19 mars 2016

Structurer un roman à l'aide de Post-it

J'ai perdu beaucoup de temps à vouloir faire un plan avant d'écrire mon roman. Je n'ai pas d'angoisse de la page blanche, par contre j'ai ressenti un net blocage dans l'élaboration d'un plan au tout début de mon projet. J'ai finalement bâti un squelette (les grandes lignes de l'histoire) parallèlement à l'écriture de mon roman. À l'aide de Post-it comme ceux-là:
Une perte de temps par souci d'efficacité
Quand j'écris des nouvelles, je pars avec une idée et je découvre où cela me mène. Ensuite, je retravaille le texte pour harmoniser, développer, réduire. Bref, pour assurer la cohérence du récit. Pour mon roman, je croyais que ce serait efficace de concevoir le plan avant de commencer à écrire. Je voulais éviter trop de réécriture si le début ne s'accordait pas avec la fin.

J'avais défini les thèmes et choisi les personnages, y'avait-pu-qu'à les mettre en situation en bâtissant un plan! J'ai pensé qu'un outil informatique pourrait m'aider. J'ai fait une tentative très courte avec yWriter, un logiciel gratuit d'aide à l'écriture qui structure les informations. Cet outil est certainement utile pour bâtir des histoires complexes, avec beaucoup de personnages, de lieux, de péripéties, mais cela ne fonctionne pas du tout pour moi. Trop de temps passé à remplir des petites cases au lieu de penser à l'histoire. Cela m'enlève tout le plaisir de la création.

Ensuite, j'ai essayé avec PowerPoint. Cela me semblait simple, visuel et pratique, je pouvais déplacer les scènes facilement. Mais le plan avait toujours du mal à germer.

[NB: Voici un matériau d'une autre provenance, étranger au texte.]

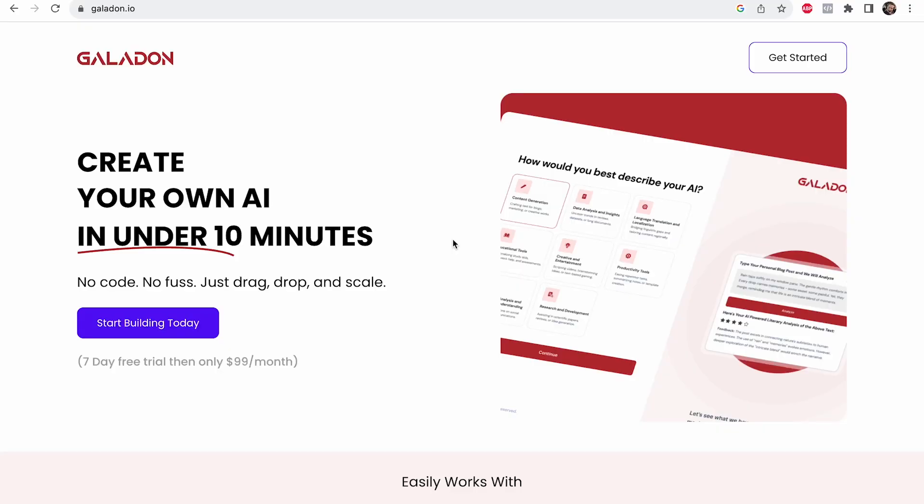Hey, I built this AI creator called Galadon, and in today's video I want to go through as many make money online ideas as possible so that you can start using Galadon to make you more money. I've had some people talk about this in the comments, and I just want to explain to you exactly how cool this is.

J'ai travaillé sur un premier chapitre, que j'ai fini par supprimer.

Un squelette bâti à l'aide de Post-it
Heureusement, je continuais de réfléchir à mes personnages et je prenais beaucoup de notes dans mes petits carnets à idées. J'avais assez de matière pour commencer à écrire, alors j'ai laissé tomber le plan. Il fallait faire confiance à mon premier jet! J'ai commencé mon premier chapitre comme si c'était une nouvelle. C'est-à-dire sans penser à la longueur totale du texte que j'écrirai...

Une fois le début du roman écrit, j'ai noté les différentes parties du récit sur des Post-it (de couleurs différentes pour distinguer les thèmes et collés sur un tableau blanc portatif). Au fur et à mesure que j'avançais dans l'histoire, je réorganisais les Post-it ou les réécrivais. Le squelette prenait forme. Manipuler les petits carrés de papier et visualiser l'enchaînement des chapitres et des scènes m'a aidée à réfléchir.

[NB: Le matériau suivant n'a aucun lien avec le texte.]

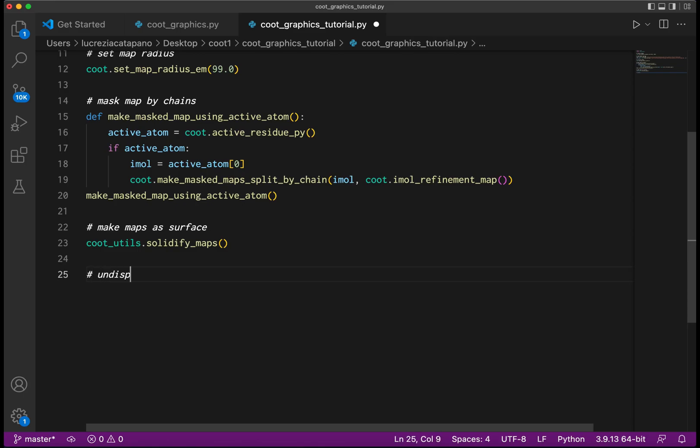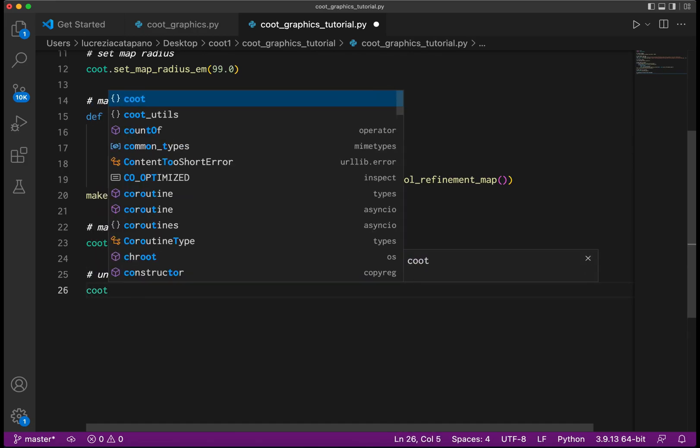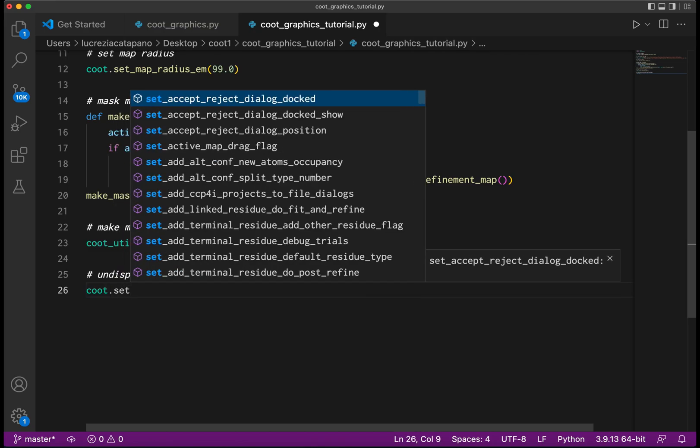Now let's undisplay the original unmasked map by giving the set_map_displayed function an argument of zero, and let's undisplay also the model.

Pas question d'aller dans le détail: sur un Post-it, il y a juste la place de quelques mots, comme le nom du ou des personnages, le lieu, le temps et l'action. Cette concision a été suffisante pour m'aider à avancer. Elle était nécessaire également, car cela me laissait plus de liberté. À un moment donné, j'ai laissé les Post-it de côté, car je savais où mon récit m'emmenait.

Développer sa méthode personnelle
Ai-je vraiment «perdu du temps» à essayer de faire un plan au préalable? La réponse est non. Il fallait que j'essaie, cela aurait pu me convenir! Je considère aussi cette période comme un détour qui a permis à mes idées de mûrir.

La bourse du Conseil des arts et des lettres du Québec que j'ai obtenue pour ce projet est une bourse de «recherche, création et exploration». En ce qui me concerne, la partie «recherche et exploration» a aussi porté sur les méthodes de travail. Je pense qu'il n'y a pas une façon unique de rédiger un roman. Il faut se connaître, essayer, adapter. La méthode peut changer selon le style de texte écrit. Pour moi, écrire ne peut se réduire à une technique, car écrire est l'expression de soi. C'est de la matière organique.